Active filters protect sensitive electronics from voltage spikes and high-frequency noise that could otherwise degrade components over time. Reduced electrical stress on the motor drive ICs and microcontrollers improves mean time between failures (MTBF). This is especially important for autonomous driving systems where EPS availability is safety-critical.

Better Driver Experience

Noise suppression leads to a quieter, vibration-free steering wheel. Active filters help eliminate the "gritty" sensation that some electric steering systems exhibit, particularly at low speeds. The result is a more refined, premium feel that automakers can leverage for brand differentiation.

EMI Compliance and Ease of Certification

Automakers must pass radiated and conducted emissions tests. Active filters, when placed at the power input and at sensor lines, dramatically reduce the EMI footprint of the EPS module.
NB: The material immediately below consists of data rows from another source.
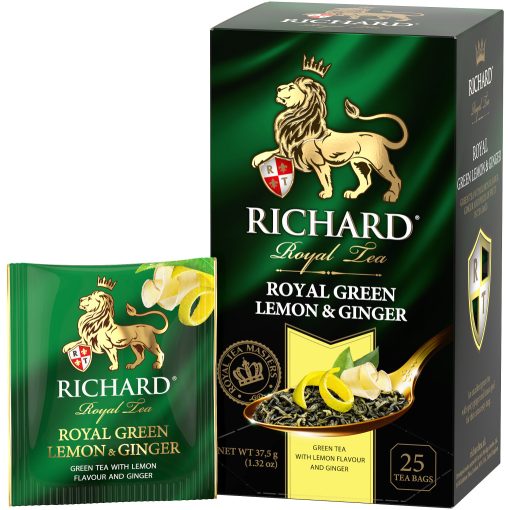 Richard Royal Citrom&Gyömbér ízesített zöld tea, filteres, 37,5g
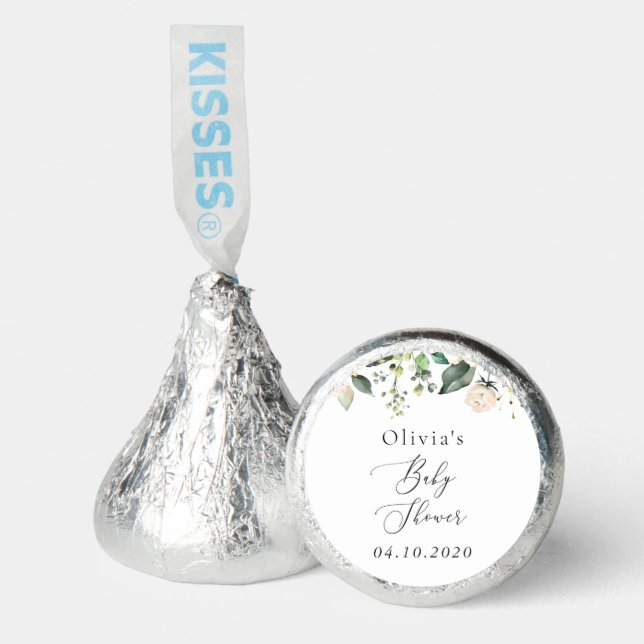 White Flowers, Cream Flowers, Boho, Baby Shower Hershey®'s Kisses® (Front)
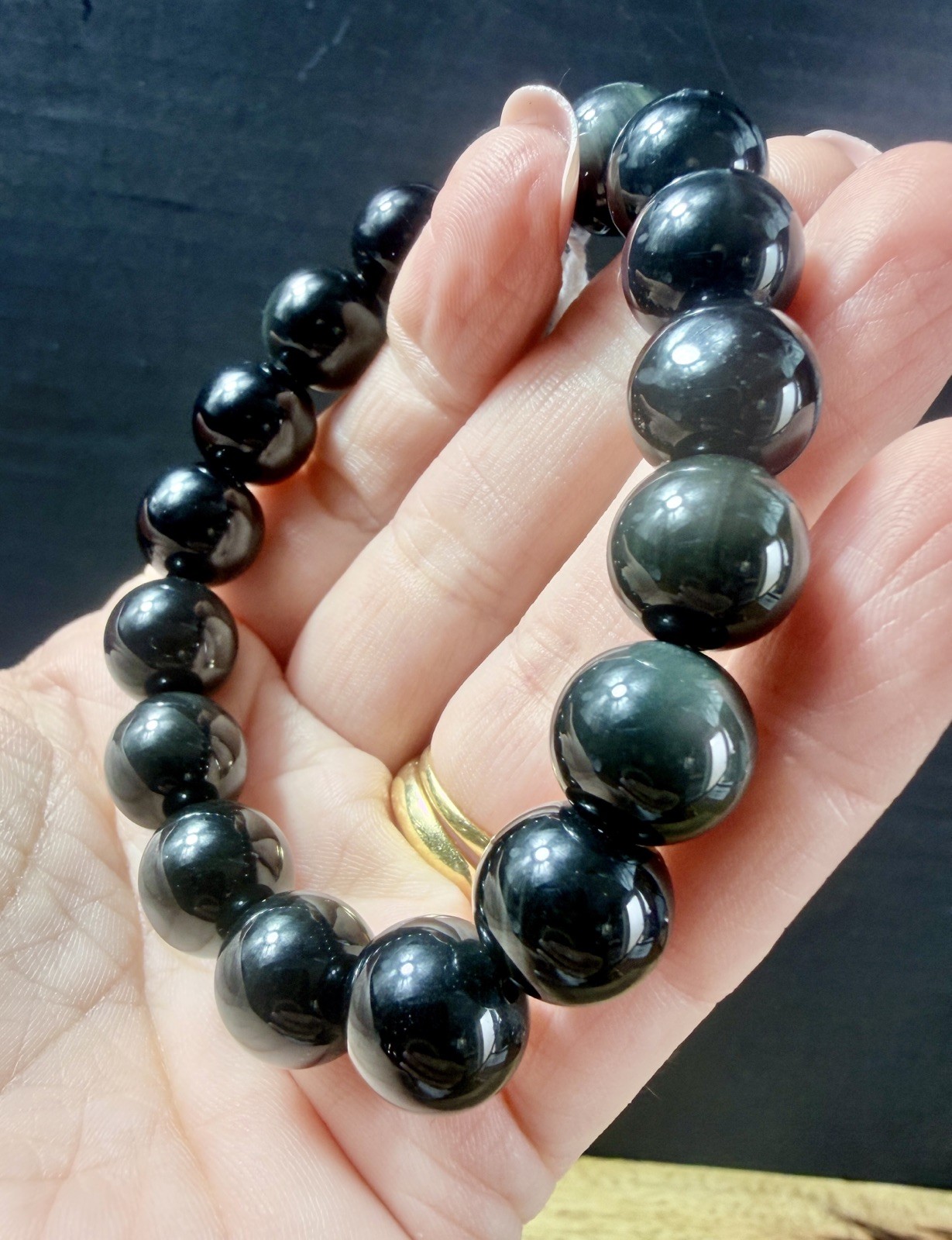 Crystal Rainbow Black Obsidian Bracelet Heal Jewellery Natural Beads 12mm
This simplifies the overall vehicle EMC certification process and reduces the need for bulky shielding.

Digital Active Filters and Adaptive Systems

As EPS controllers move to higher-performance microcontrollers (e.g., ARM Cortex-R series), digital active filters implemented in firmware are becoming viable. These filters can adapt their cutoff frequencies in real time—switching to a lower cutoff during cruise to eliminate noise, and a higher cutoff during parking for fast response. Digital filters also eliminate component drift and allow easy updates via software.

Integration in Steer-by-Wire

Steer-by-wire systems, which remove the mechanical link between steering wheel and wheels, rely entirely on electronic control. Active filters will be even more critical in these systems to ensure fail-safe operation and fault-tolerant signal processing. Filter redundancy (dual active filters on parallel channels) is an emerging design pattern.

Wide Bandgap Semiconductors and New Noise Profiles

The adoption of SiC and GaN power devices in electric vehicles introduces higher switching frequencies (100 kHz–1 MHz) with sharper edges, creating new noise harmonics. Active filters must evolve to handle these higher frequencies while maintaining low insertion loss. Ongoing research at universities (e.g., an IEEE paper on GaN-based EPS filter design) points to novel topologies using inductors on-chip and op-amps with 500 MHz+ gain bandwidth.

Conclusion

Active filters have transitioned from a specialized component to a cornerstone of electric power steering design. They solve the fundamental challenge of electrical noise that plagues all EPS systems, enabling accurate control, high reliability, and a superior driving feel. As vehicle electrical architectures become more complex—with higher voltages, faster switching, and more stringent EMI standards—the importance of active filters will only grow. Engineers designing next-generation EPS must prioritize active filter selection and layout early in the development cycle to ensure safe, smooth, and compliant steering performance.